# Sentiment Analysis


### Zero Shot Labeling 

### Code performed in Google Colab

In this notebook I will use one of the hugging face models - Zero Shot model to label my tweets by sentiment. This approach allows me to assign sentiment labels to the tweets without explicitly training a sentiment analysis model.

The Zero Shot model is a powerful language model that can generalize across various tasks, including sentiment analysis. It can assign sentiment labels such as positive, negative, or neutral to text inputs by leveraging its understanding of the underlying language patterns and contextual information.

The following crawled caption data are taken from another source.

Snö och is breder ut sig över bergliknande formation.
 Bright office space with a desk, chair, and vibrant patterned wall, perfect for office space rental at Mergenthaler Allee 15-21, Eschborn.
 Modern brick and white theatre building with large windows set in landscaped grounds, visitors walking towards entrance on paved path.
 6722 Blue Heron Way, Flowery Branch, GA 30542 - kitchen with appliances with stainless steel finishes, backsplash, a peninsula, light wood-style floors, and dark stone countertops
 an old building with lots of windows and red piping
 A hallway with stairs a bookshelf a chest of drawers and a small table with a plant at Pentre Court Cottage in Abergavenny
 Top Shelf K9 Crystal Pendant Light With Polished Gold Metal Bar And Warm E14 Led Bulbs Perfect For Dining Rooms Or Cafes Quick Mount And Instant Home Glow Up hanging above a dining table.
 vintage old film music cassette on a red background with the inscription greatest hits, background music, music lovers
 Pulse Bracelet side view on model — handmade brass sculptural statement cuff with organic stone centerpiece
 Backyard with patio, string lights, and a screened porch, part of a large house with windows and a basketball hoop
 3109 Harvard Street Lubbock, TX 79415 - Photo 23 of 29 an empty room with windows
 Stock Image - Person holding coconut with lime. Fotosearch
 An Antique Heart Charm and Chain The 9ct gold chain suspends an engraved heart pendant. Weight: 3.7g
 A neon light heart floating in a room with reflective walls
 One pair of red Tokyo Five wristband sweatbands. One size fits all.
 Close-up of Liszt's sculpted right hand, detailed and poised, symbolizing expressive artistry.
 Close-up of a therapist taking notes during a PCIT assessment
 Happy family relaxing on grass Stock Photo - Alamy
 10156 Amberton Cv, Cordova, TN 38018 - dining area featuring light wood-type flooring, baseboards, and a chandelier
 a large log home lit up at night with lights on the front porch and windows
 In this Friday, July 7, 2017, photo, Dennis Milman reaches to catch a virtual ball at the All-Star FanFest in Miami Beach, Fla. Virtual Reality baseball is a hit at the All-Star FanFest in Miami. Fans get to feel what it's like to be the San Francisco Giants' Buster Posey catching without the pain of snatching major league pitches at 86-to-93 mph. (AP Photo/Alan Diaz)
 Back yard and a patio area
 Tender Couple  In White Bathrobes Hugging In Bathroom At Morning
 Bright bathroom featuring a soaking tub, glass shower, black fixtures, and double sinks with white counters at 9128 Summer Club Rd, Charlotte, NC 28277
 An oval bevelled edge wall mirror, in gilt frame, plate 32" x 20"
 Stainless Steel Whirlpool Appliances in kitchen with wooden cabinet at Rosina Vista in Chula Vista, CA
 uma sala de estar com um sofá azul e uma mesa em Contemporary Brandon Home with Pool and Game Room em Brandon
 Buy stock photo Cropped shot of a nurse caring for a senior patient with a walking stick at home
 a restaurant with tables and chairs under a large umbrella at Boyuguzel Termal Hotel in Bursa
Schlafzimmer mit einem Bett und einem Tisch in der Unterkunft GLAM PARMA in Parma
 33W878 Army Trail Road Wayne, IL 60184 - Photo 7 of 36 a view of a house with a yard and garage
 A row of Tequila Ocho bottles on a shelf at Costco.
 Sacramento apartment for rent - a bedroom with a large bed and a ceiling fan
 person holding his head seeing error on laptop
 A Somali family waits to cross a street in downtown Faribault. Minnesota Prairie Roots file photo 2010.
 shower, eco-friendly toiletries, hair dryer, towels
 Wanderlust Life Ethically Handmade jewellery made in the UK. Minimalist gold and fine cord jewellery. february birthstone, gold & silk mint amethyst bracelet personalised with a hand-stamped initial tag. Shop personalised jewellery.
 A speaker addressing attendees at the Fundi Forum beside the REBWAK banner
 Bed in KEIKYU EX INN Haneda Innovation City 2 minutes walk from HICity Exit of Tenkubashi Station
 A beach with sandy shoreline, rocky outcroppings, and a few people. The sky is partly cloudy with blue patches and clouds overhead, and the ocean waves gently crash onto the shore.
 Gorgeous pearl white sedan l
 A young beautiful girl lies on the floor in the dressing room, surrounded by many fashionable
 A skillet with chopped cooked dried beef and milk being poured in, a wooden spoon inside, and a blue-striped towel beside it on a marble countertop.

To perform the sentiment labeling, I am using Google Colab, a cloud-based Jupyter notebook environment provided by Google. Colab offers the advantage of running code on powerful remote servers, providing access to GPUs and TPUs for efficient deep learning computations.

In the notebook, I will demonstrate how to load the Zero Shot model from the Hugging Face library, process the tweet data, and apply the model to predict sentiment labels for each tweet. The model's predictions will provide insights into the sentiment expressed in the tweets, enabling further analysis and interpretation of the collected data.

By leveraging the Zero Shot model for sentiment labeling, I can efficiently categorize the tweets based on their sentiment without the need for extensive manual annotation or building a dedicated sentiment analysis model from scratch.

In [1]:
from google.colab import drive
drive.mount('/content/drive')

Mounted at /content/drive


In [2]:
!pip install transformers flair

Looking in indexes: https://pypi.org/simple, https://us-python.pkg.dev/colab-wheels/public/simple/
Collecting transformers
  Downloading transformers-4.28.1-py3-none-any.whl (7.0 MB)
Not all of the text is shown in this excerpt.